('\t顾知望晃了晃腿,点头。
进宫好也不好,得了东西高兴,可总是动不动下跪膝盖难受。
云氏心疼,忍不住起身亲自前去催促。
水打来后,顾知望顾知序排排坐在软榻上,光着脚丫子泡热水。
顾知望舒服地摊开脚趾头,白白嫩嫩的小脚踩着水玩。
又趁着云氏没注意,朝着顾知序要了一块甜糕吃,他自己盘子里的已经用完了。
那盘子不大,最多也就装了四块的量。
再向顾知序讨要第二块时,顾知望遭到了拒绝。
“马上用饭了,待会吃不下。”顾知序强行忽略他装可怜的小表情,目光挪到隔壁足盆中,觉得望哥儿的脚像是刚蒸出笼的白面馒头。
顾知序忽然换了足盆,挪到了顾知望那边,小心试探地踩了下。
顾知望眨巴了下眼睛,不甘示弱,反踩了他一下。
战局一触即发。
待到云氏再进来时,看见满地溅出的水渍抚额,连忙制止玩闹起来的两人。
“祖宗,裤子都湿了,待会着凉生病有你们好受。”
顾知望被花影服侍着穿上鞋袜,眼睛发亮,显然还意犹未尽。
就连向来内敛的顾知序神情也透着愉悦。
云氏笑着摇了摇头,催着两人用了膳,直接安排他们睡在了千山堂的暖阁里。
许是真累到了,这一觉睡到天暗也没见醒。
云氏中途进去看了一回,见到两个娃娃依偎在一起像是抱团取暖的猫儿,睡的脸上红扑扑,失笑地合上了门。
隔日上学。
顾知望一进学舍就受到了瞩目,郑宣季早就等候多时,猴急地问:“你昨日被传召入宫见了陛下,听说还赏赐了东西?”
就连前排自诩学问好,不屑与后排深交的学子们也围了过来。
顾知望心里的小骄傲藏不住,臭屁道:“皇后娘娘也赏赐了我东西,还有陛下御用的笔墨纸砚。”
王时闻言憧憬又向往,“望哥儿,你给我们看一眼吧。
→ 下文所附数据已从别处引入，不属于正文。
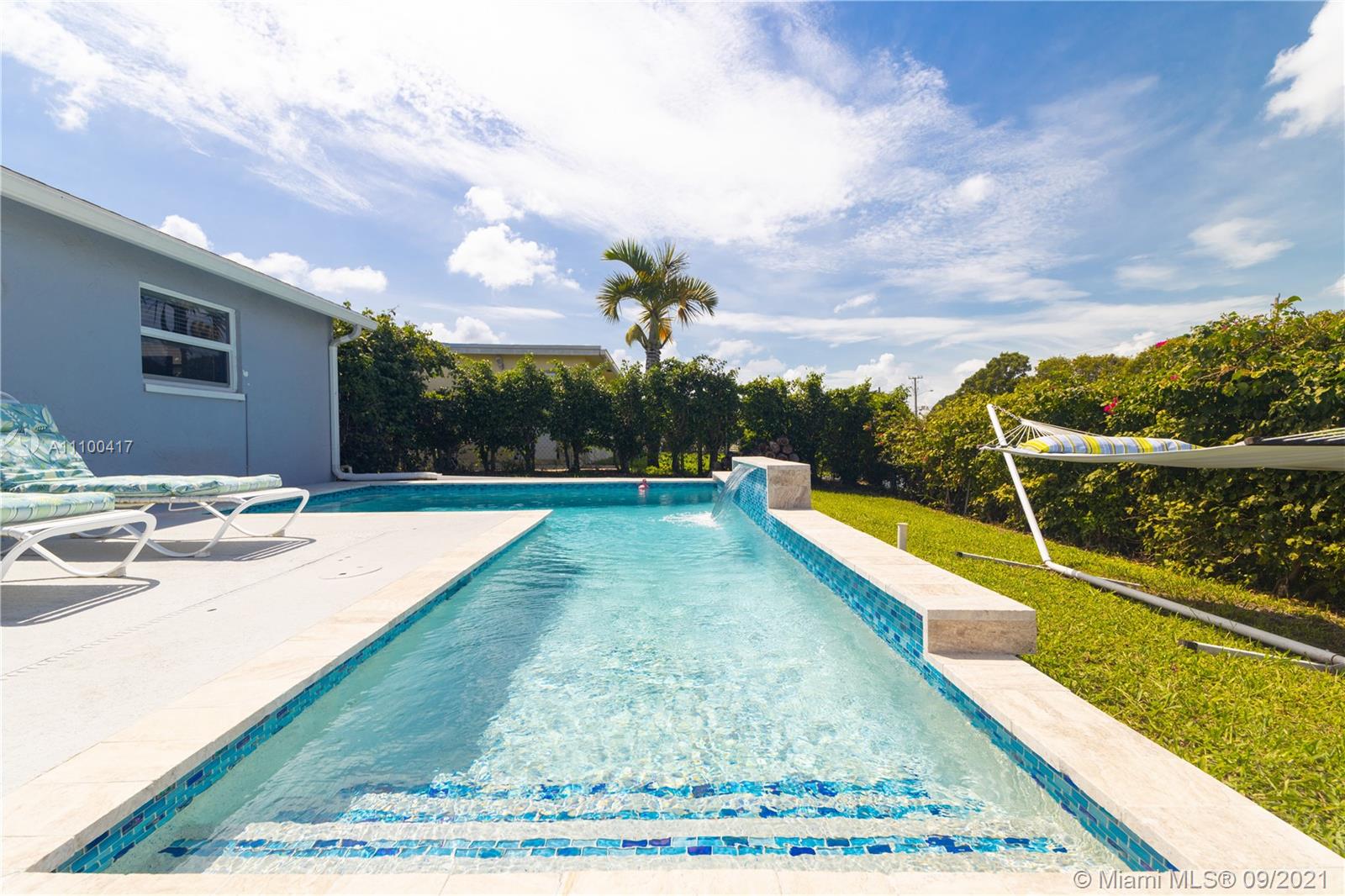 22565 Southwest 56th Avenue Boca Raton, FL 33433 - Photo 30 of 35 a view of a swimming pool with a lounge chairs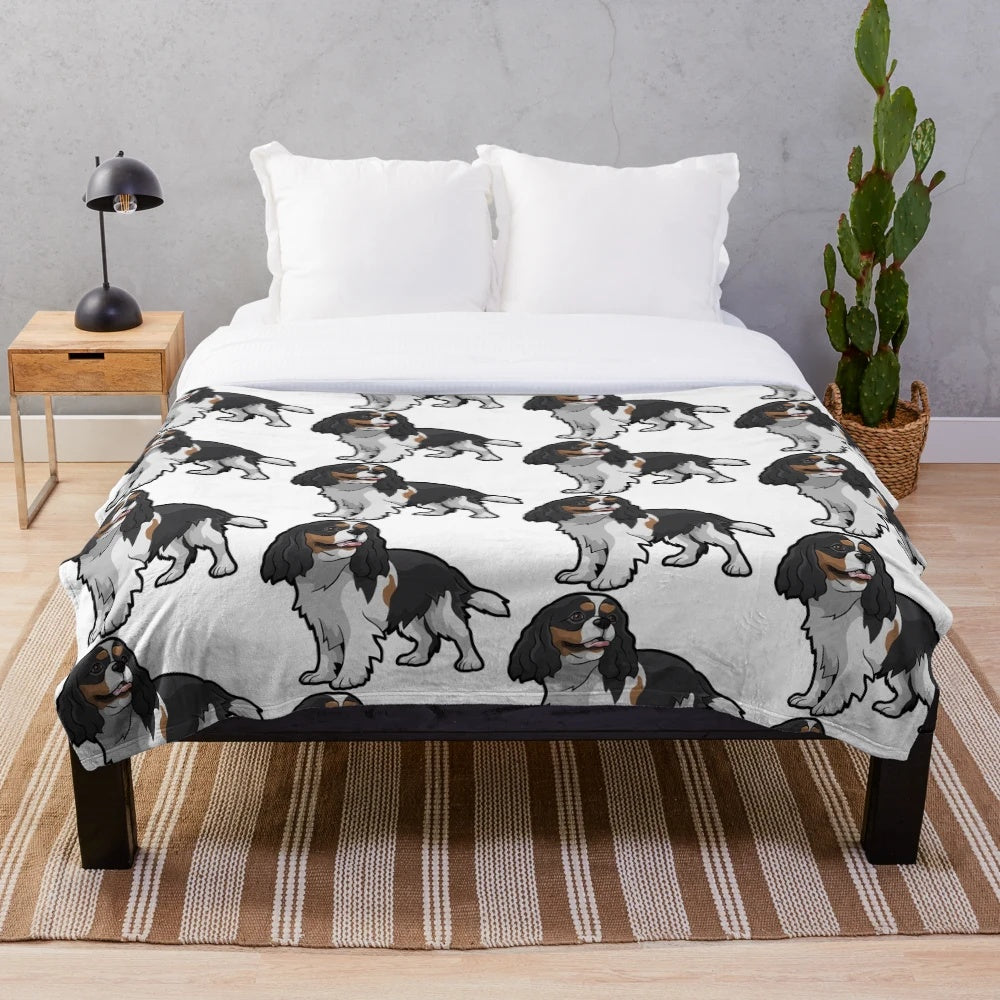 Cavalier King Charles Spaniel curled up on a soft, plush blanket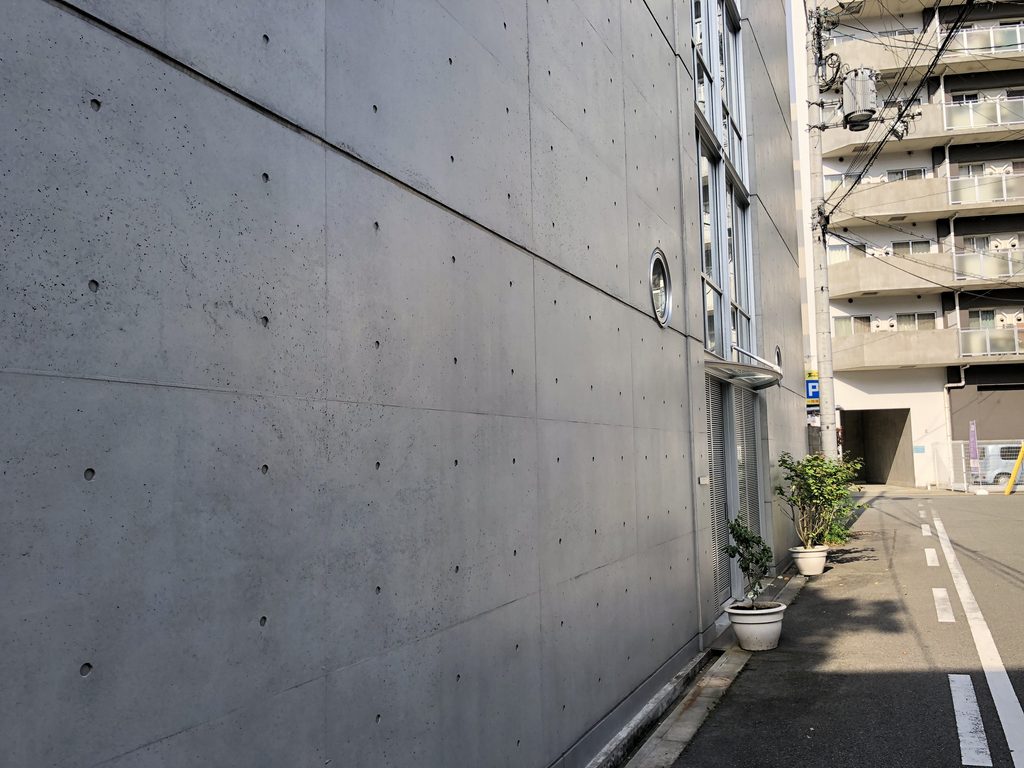 道路に沿って続く丸窓のある打放しコンクリート壁 / Exposed-concrete wall with a round window extending along the street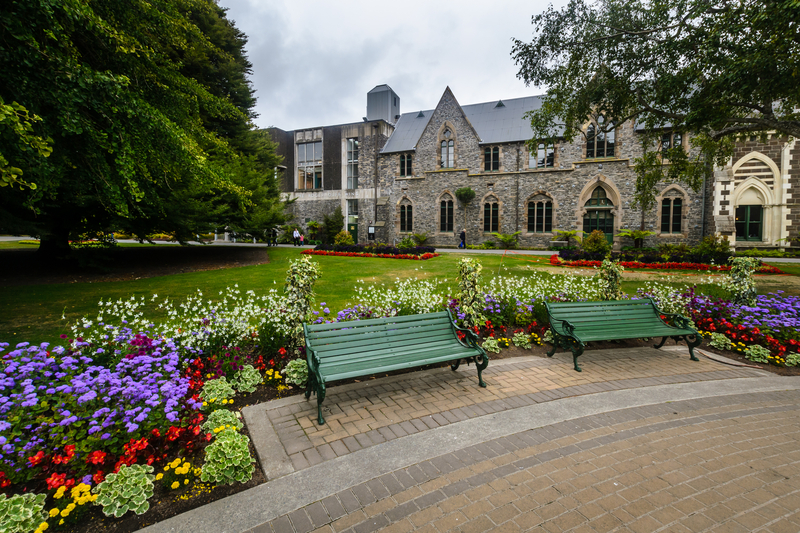 Image of pretty grey stone building with flowers and garden and benches in the foreground.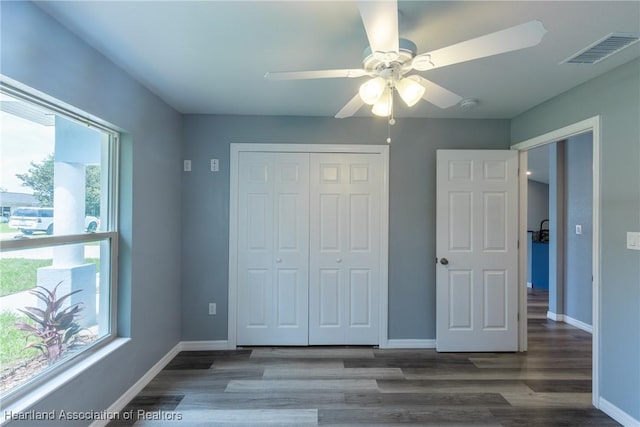 unfurnished bedroom featuring a closet, ceiling fan, and dark hardwood / wood-style floors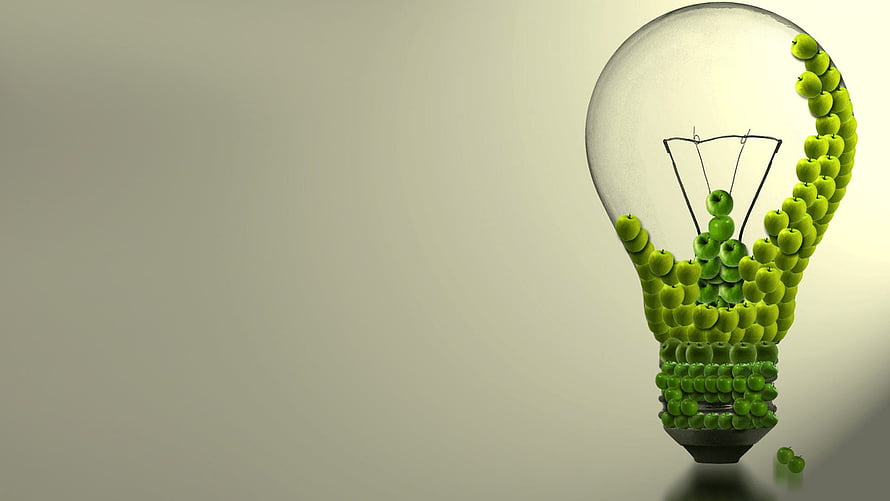 Green Apple Light Bulb Concept for Sustainable Energy and Eco-Friendly Innovation HD wallpaper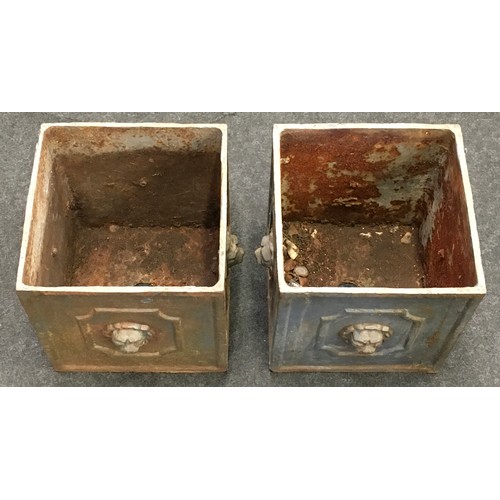 287 - A pair of antique cast metal planters with lion head finials each measuring 28x28x30cm.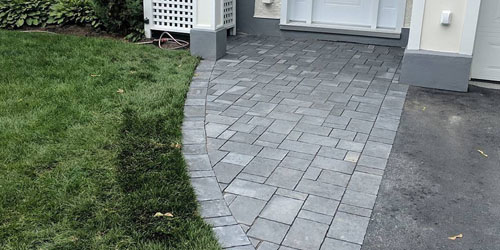 interlock pathway to side door grey brick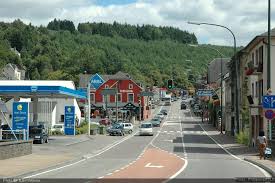 Vue pittoresque du centre de Martelange avec un spécialiste en débouchage de canalisations travaillant devant une maison en pierre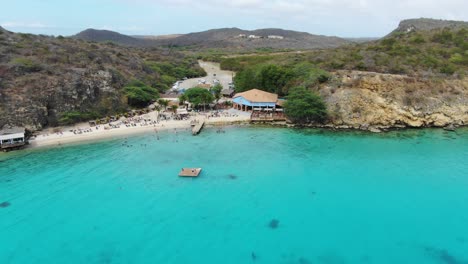 kokomo beach in curacao, clear turquoise waters with beachgoers and lush hills, aerial view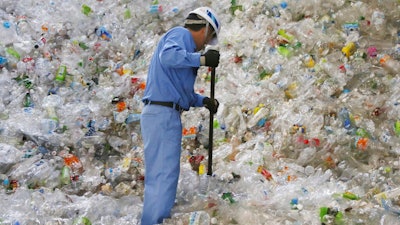 In this June 18, 2019, photo, a plastic recycling company worker sorts out plastic bottles collected for processing at Tokyo Petbottle Recycle Co., Ltd, in Tokyo. Japan has a plastic problem. Single bananas here are sometimes wrapped in plastic. So are individual pieces of vegetables, fruit, pastries, pens and cosmetics. Plastic-wrapped plastic spoons come with every ice cream cup. But as world leaders descend on Osaka for the two-day G20 Summit that starts Friday, June 28, Japan has ambitions to become a world leader in reducing plastic waste.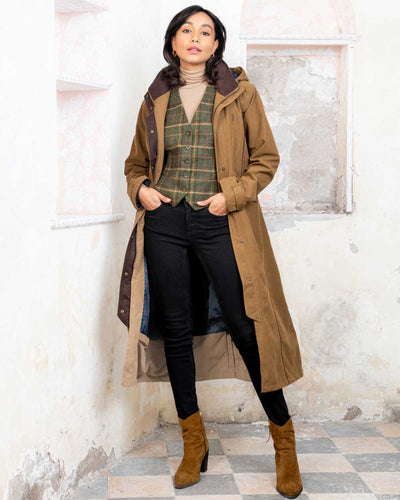 Camel coloured Jack Murphy Erin Long Waterproof Coat on wall background #colour_camel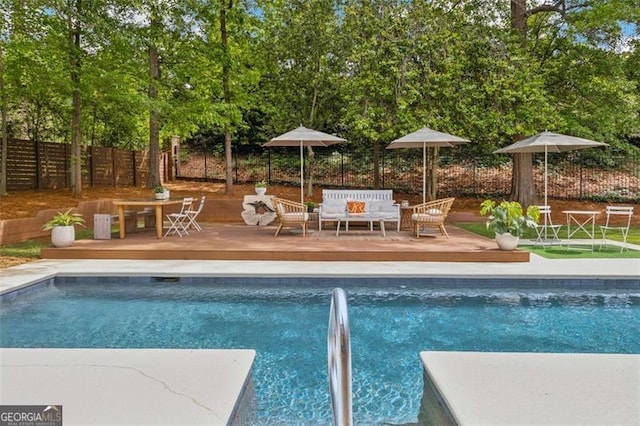 5785 Timberlane Ter, Sandy Springs, GA 30328 - view of swimming pool featuring a fenced in pool, a wooden deck, and fence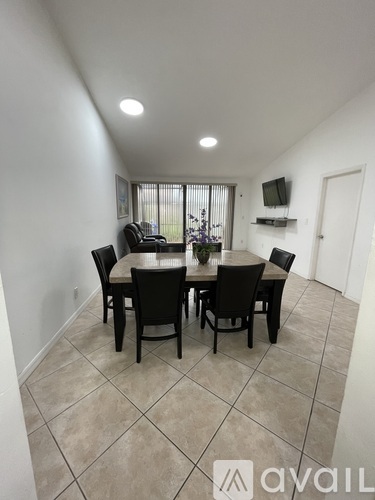 A dining room with a table and chairs.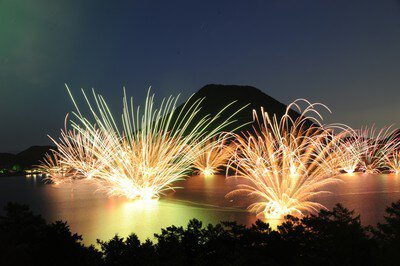 ボートから投げ込まれた水中花火が湖面に映る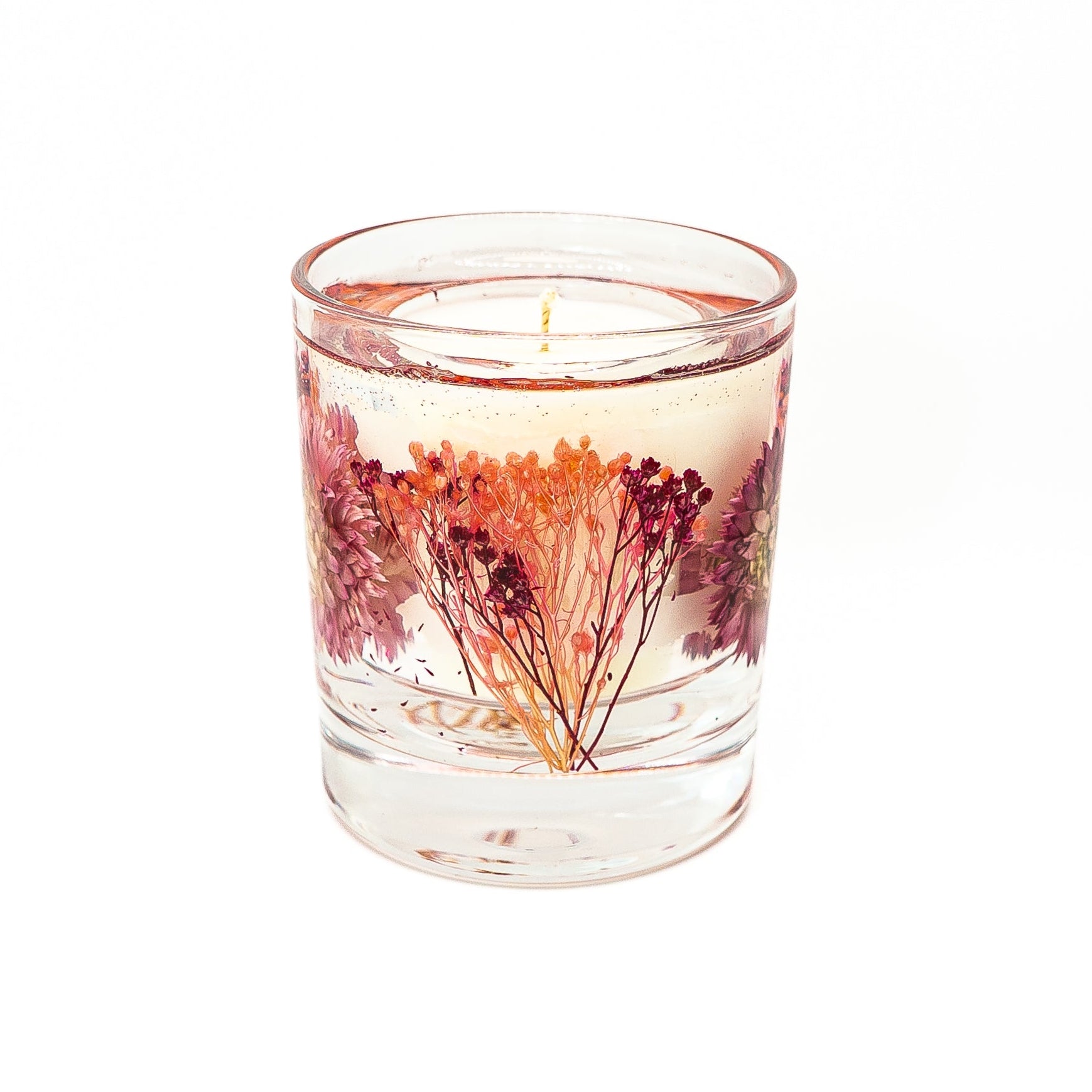 Decorative candle with soy wax center and gel wax outer layer featuring a pink helichrysum flower.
”
那可是陛下亲赐,还是御用的东西。
周围人眼睛不眨,都有此意。
顾知望挥了挥手:“去去去,御赐之物怎能随意对待,磕了碰了你有几个脑袋砍的。”
王时摸了摸自己脖子,嘶了声,摆手表示放弃。
“行了,都回去。”顾知望也回了自己位置,却是略显沮丧。
是他不想带那套笔墨纸砚来吗?分明是被爹娘先一步给收起来了。
顾知望随手将不用的镇纸扔回桌子里,动作一顿,突然摸到了什么东西,拿出来一看。
是把陌生的折扇,檀香木所制,打开内里乾坤却不一般。
看着上面壮阔飘渺的山水画和题字印章,顾知望沉思。
如果没有记错,少野先生的字画一幅难求。
乱世藏黄金,盛世藏书画,现存的少野先生之作被文人墨客捧到了全新的高度,千金难求。
貌似市面上已经绝迹,仅存的在……
顾知望转头看向后排,对上王霖慌乱闪躲的视线。
如今仅存的都在皇宫。
顾知望将折扇合上,觉得自己收下合情合理,道谢礼嘛,嘴上说的没用,来点实际的挺好,王霖那小子上道。
这东西顾知览肯定喜欢,说不定什么时候能用上贿赂一回。
今早来授课的夫子是傅九经,不得不说,傅夫子的讲学是最受欢迎的,其深入浅出的独特讲解就算是顾知望这个学渣也能听懂。
他好似没有什么不会的,再偏门的杂文经义也能信手拈来,顾知望怀疑他脑子里装了一整个藏书阁。
傅状元当他们的夫子貌似太屈才了。
中途休息时间,顾知望却突然被傅山叫去了夫子所在的斋舍,路上他还想着自己最近挺安分的,没惹什么祸。
进去后却只是被问了昨日入宫的事。
顾知望一一答了,认为傅夫子是在关心自己,还挺感动,刚要表达一番自己的感激之情,就被一袭简单青衫的傅九经摆手赶了出去。
顾知望一噎,一腔热血付之东流。
傅九经依旧躺在那把看起来就舒服的藤椅上,手上还拿着书,为被顾知望挡住窗口的阳光而皱眉,抬眼询问了声:“还有事?”